On the positive side, the useful exposition of contemporary practice is well informed by historical perspective, reminding us of the times, not so long gone, when mere cooperation between the Security Council and regional organizations was controversial. Yet inadequate space is devoted to exposition of particular cases (only pages 141-182), and much more could be made of those cases. Abass also seems to overlook a number of important cases, particularly NATO’s presence in Afghanistan, and the EU’s Operation Artémis in the Democratic Republic of Congo, and the Pacific Island Forum’s Regional Assistance Mission to the Solomon Islands (RAMSI). He is strongest in his discussion of ECOWAS practice in West Africa.
 
The discussion raises a number of important legal questions, including the question of the legality of the Council’s delegation of enforcement powers to regional mechanisms, and of states’ authorization of intervention by regional organizations on their territory. Abass’ discussion is at its best here, even if some of his conclusions – for example, that the 1991 Gulf War was illegal – seem a little obscure.
 
A decade ago, the Supplement to the Agenda for Peace identified five forms of possible cooperation between the Security Council and regional mechanisms: consultation, diplomatic support, operational support, co-deployment and joint operations. These concepts might form the basis for fleshing out how the ‘subsidiarity’ which Abass so repeatedly refers to might be realized. This is a central challenge awaiting the Council, and of increasing urgency, especially as regional organizations like NATO begin taking action ‘out-of-area’ in the wake of 9/11. Unfortunately, Abass does little to advance the debate.
 

Response to Review - by Ademola Abass
1/13/2006 9:54:16 AM
I think this review misses the point about the book - and I am happy to say that it is an exception to other reviews including one by the ASIL.
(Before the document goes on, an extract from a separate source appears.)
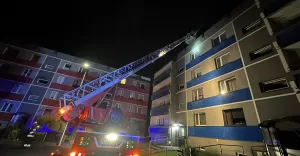 Wola: uszkodzony dach budynku wielorodzinnego. Ewakuowano 18 osób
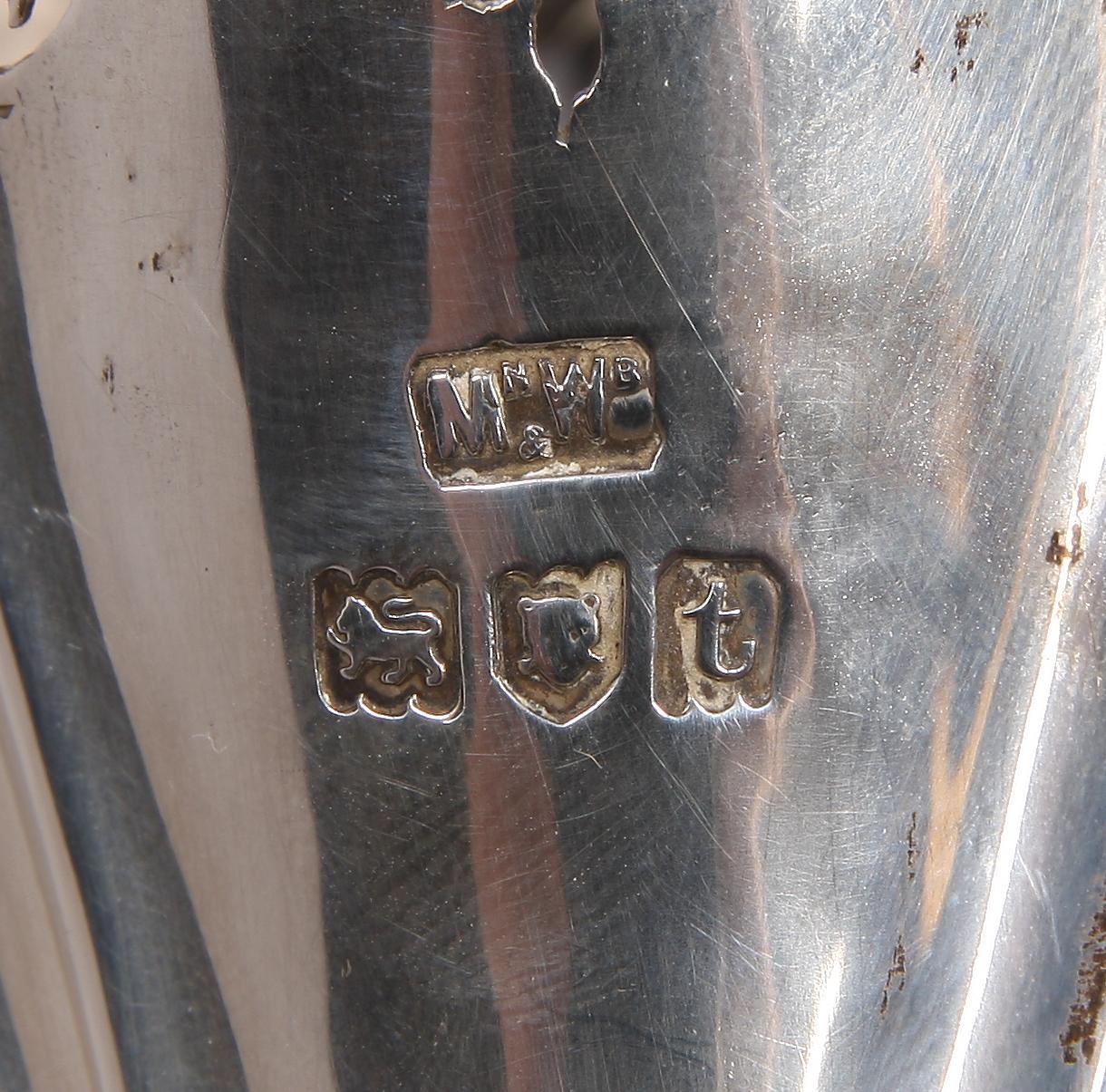 VAS, silver, Mappin & Webb Limited, London, 1914. Ca 135 g.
First, not covering issues as the AU in Sudan, ECOWAS in Ivory Coast, or EU in DRC was not a product of oversight but owes to the fact some of these operations had either not taken place at the time the book was completed or did not form part of the thematic concern of the book. But one understands the ignorance of the reviewer about the usual great lapse between the submission of manuscripts and their final publication.

Certainly, the reviewer did not understand the main concern of the book as it emerged.

Certainly, there is some credibility on his comment on editorial points even if these are widely exaggerated. But the treatment of "Collective Security" in the middle rather than the start was a deliberate decision by the author for reasons that are self explanatory in the book but which the reviewer did not detect because he/she did not

On the whole, I think the review is rather poor, not because it brought out certain weaknesses in the book - for which I am, and any writer should be grateful, but because the reviewer lacks the basic understanding of the real issues involved. My advice is that the reviewer undertake more studies in this area before embarking on future reviews.